Syntax:
fix ID group-ID spring keyword values
tether values = K x y z R0 K = spring constant (force/distance units) x,y,z = point to which spring is tethered R0 = equilibrium distance from tether point (distance units) couple values = group-ID1 group-ID2 K x y z R0 group-ID1,group-ID2 = two groups to couple together with a spring K = spring constant (force/distance units) x,y,z = direction of spring R0 = equilibrium distance of spring (distance units)
Examples:
fix pull ligand spring tether 50.0 0.0 0.0 0.0 0.0 fix pull ligand spring tether 50.0 0.0 0.0 0.0 5.0 fix pull ligand spring tether 50.0 NULL NULL 2.0 3.0 fix 5 lipids spring couple bilayer1 bilayer2 100.0 NULL NULL 10.0 0.0 fix longitudinal all spring couple pore ion 100.0 NULL NULL -20.0 0.0 fix radial all spring couple pore ion 100.0 0.0 0.0 NULL 5.0
Description:
Apply a spring force to a group of atoms or between two groups of atoms. This is useful for applying an umbrella force to a small molecule or lightly tethering a large group of atoms (e.g. all the solvent or a large molecule) to the center of the simulation box so that it doesn't wander away over the course of a long simulation. It can also be used to hold the centers of mass of two groups of atoms at a given distance or orientation with respect to each other.

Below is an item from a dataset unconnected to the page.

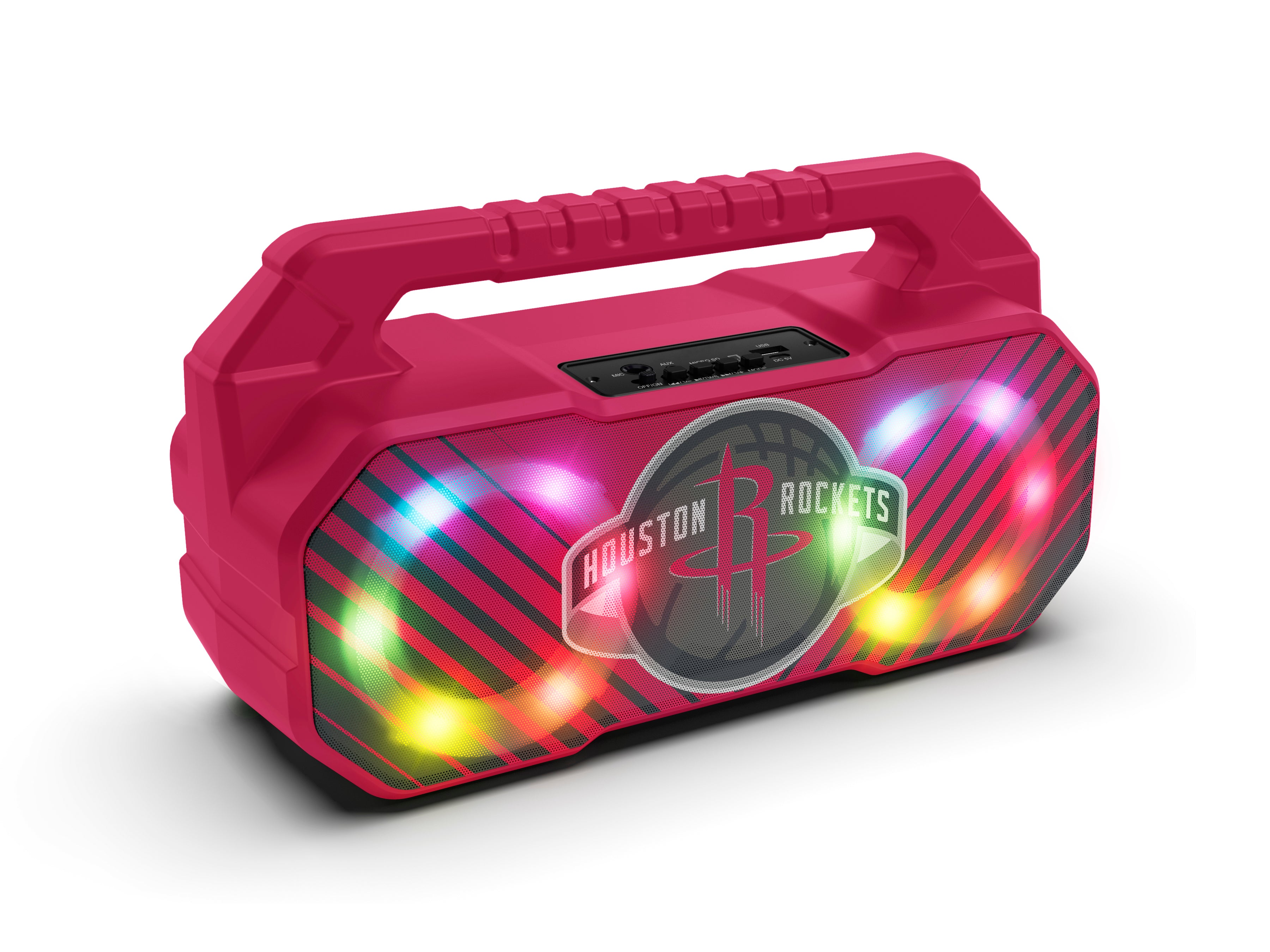 Houston Rockets NBA Shockbox Bluetooth BOOMBOX Speaker with FM Radio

The tether style attaches a spring between a fixed point x,y,z and the center of mass of the fix group of atoms. The equilibrium position of the spring is R0. At each timestep the distance R from the center of mass of the group of atoms to the tethering point is computed, taking account of wrap-around in a periodic simulation box. A restoring force of magnitude K (R - R0) Mi / M is applied to each atom in the group where K is the spring constant, Mi is the mass of the atom, and M is the total mass of all atoms in the group. Note that K thus represents the total force on the group of atoms, not a per-atom force.

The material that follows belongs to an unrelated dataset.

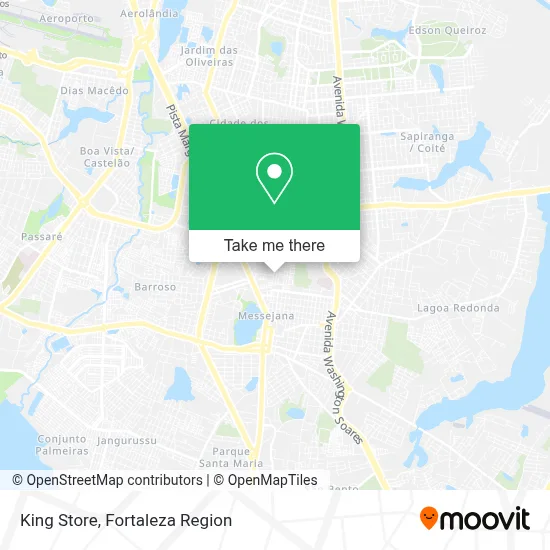 King Store map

The couple style links two groups of atoms together. Only atoms that are also in the fix group are considered to be part of either of the groups. The groups are coupled together by a spring that is at equilibrium when the two groups are displaced by a vector x,y,z with respect to each other and at a distance R0 from that displacement. Note that x,y,z is the equilibrium displacement of group 2 relative to group 1. Thus (1,1,0) is a different spring than (-1,-1,0). When the relative positions and distance between the two groups are not in equilibrium, the same spring force described above is applied to atoms in each of the two groups.
For both the tether and couple styles, any of the x,y,z values can be specified as NULL which means do not include that dimension in the distance calculation or force application.
The first example above pulls the ligand towards the point (0,0,0). The second example holds the ligand near the surface of a sphere of radius 5 around the point (0,0,0). The third example holds the ligand a distance 3 away from the z=2 plane (on either side).
The fourth example holds 2 bilayers a distance 10 apart in z. For the last two examples, imagine a pore (a slab of atoms with a cylindrical hole cut out) oriented with the pore axis along z, and an ion moving within the pore. The fifth example holds the ion a distance of -20 below the z = 0 center plane of the pore (umbrella sampling). The last example holds the ion a distance 5 away from the pore axis (assuming the center-of-mass of the pore in x,y is the pore axis).
Restrictions: none
Related commands:
Default: none